Lecteur-chéri-mon-étuve,

Ce n’est, hélas, que le début de la fin. Il va falloir s’habituer à supporter le souffle de four du vent citadin dans tes bronches allergiques, la brûlure impitoyable du bitume qui colle tes pieds sales à tes sandales et la glu de pollution qui pique ton regard fatigué par un quotidien où tout semble pesant. Ta peau tannée par un soleil qui n’est pas ton ami pendant cette période estivale que, pourtant, tu appelles de tes vœux depuis au moins la fin du mois de janvier est là, sur toi, à clamer l’indécence de toute station prolongée dans un lieu sans ombre.

En ce temps mesquins ou Coca-cola prive d’eau des villages mexicains (c’est ), je suis étonnée que personne n’aie encore songé à taxer l’ombre. Dans un simple but de survie je vais creuser l’idée: mettre en cannettes des m3 sombres de fraîcheur, les vendre à des prix répréhensibles et privatiser dans la foulée tout ce qui peut procurer un abri du soleil. Après j’irai voir Macron, victorieuse, pour légaliser le processus. Je finirai ministre et pourrai abuser du 49.3 pendant les congés de Noël.

Mais je ne te dérange pas pendant ta sieste pour te faire part de mes projets  d’avenir, plutôt pour te proposer une fulgurance surréaliste, issue de mon exposition prolongée à des températures que mon cerveau, cette pauvre chose, n’assume plus depuis des lustres.

***

Les anneaux brûlants du serpent rouge se nouent autour de mon cou, rendant toute respiration impossible. Réduit à un sifflement asthmatique, mon souffle ténu entre et sort de ma gorge, en rappant au passage la chair à vif. Ma langue se colle à mon palet sec sans parvenir à l’humecter et l’effort nécessaire à la décoller devient de plus en plus difficile à faire. Les gouttes médicales bientôt introuvables ne parviennent pas à apaiser mes yeux, rouges depuis des semaines, et qui brûlent à chaque battement de paupière, comme si du sable s’y embusquait en permanence. Mon corps est lourd et gonflé, tout geste lui est une souffrance, tout vêtement lui est insupportable. A l’instar des quelques survivants, je vis nu, protégeant mon intimité d’un tissu lorsqu’une rencontre avec un autre humain est incontournable. Mais leur nombre s’amenuise chaque jour et bientôt toute précaution pudique sera inutile. A quoi bon se voiler devant des corps calcinés…
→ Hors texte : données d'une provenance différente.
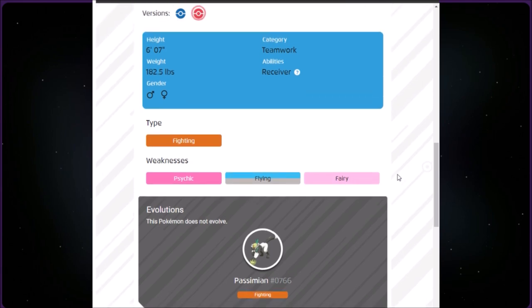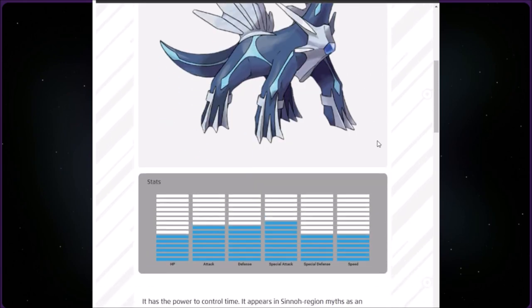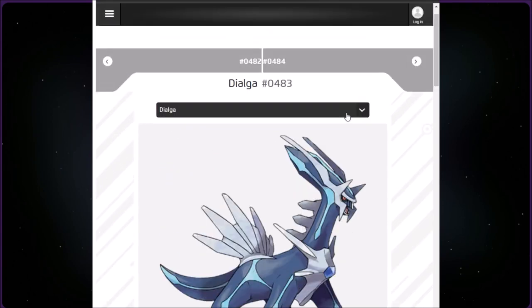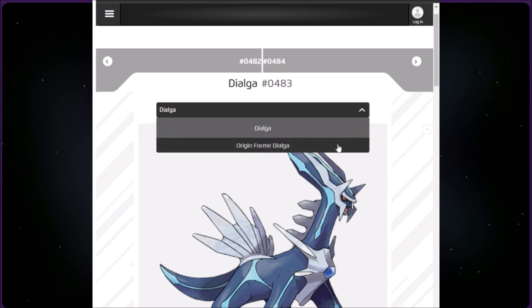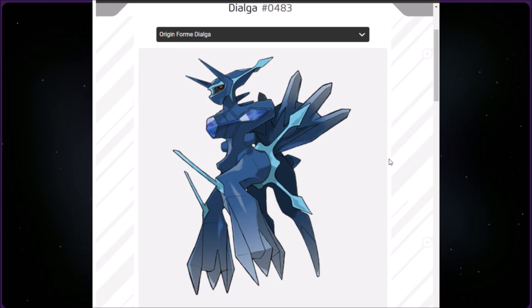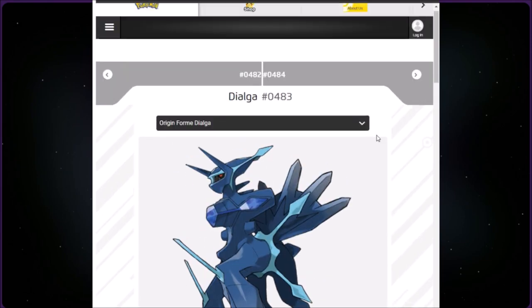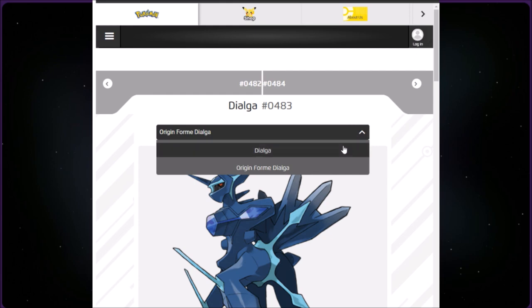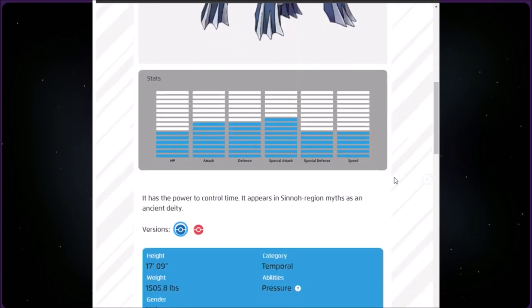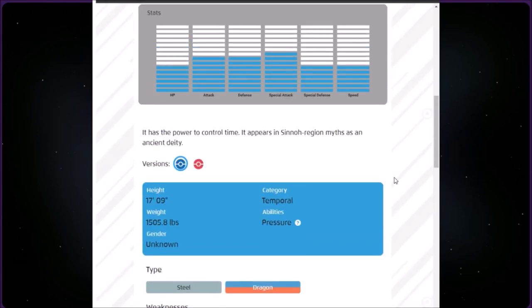This category is called Teamwork. We have Passimian at number 766. It is Fighting type, six foot seven, an inch shorter than my roommate, and 182.5 pounds. This Pokémon battles by throwing hard berries. It won't obey a trainer who throws Pokéballs without skill. The boss chooses 10 members of the group to go hunting. The hunting party will eventually split the food they find with the rest. This Pokémon does not evolve.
Seule, la femme en maillot rose semble supporter la température.
Plantée au milieu de ce qui fut la place du marché, elle harangue ce qu’il reste de vivants jour et nuit, les contraignant à subir un discours sans queue ni tête, dont le principal sujet est elle. Elle s’offre une psychothérapie au vu et au su de tous, inconsciente de la tension qu’elle génère en moi à force de débiter des âneries.
Collé à  mon canapé, sur lequel je passe la plupart de mon temps conscient, je n’entends qu’elle. Elle n’a cessé de jacasser depuis le début de cet été sans fin. 3 mois que je subis son discours incohérent où se mêlent considérations stupides sur la vie, conseils de magasines people et tentatives de réflexion basée sur des principes sectaires. Parfois, lassée d’elle-même, elle se plaint d’avoir raté sa vie et chante une mélopée Corse d’une voix de fausset. Aveugle aux gens qui s’éteignent autour d’elle, elle semble hypnotisée par le son de sa voix. Je ne sais pas comment elle se nourrit ni si elle dort.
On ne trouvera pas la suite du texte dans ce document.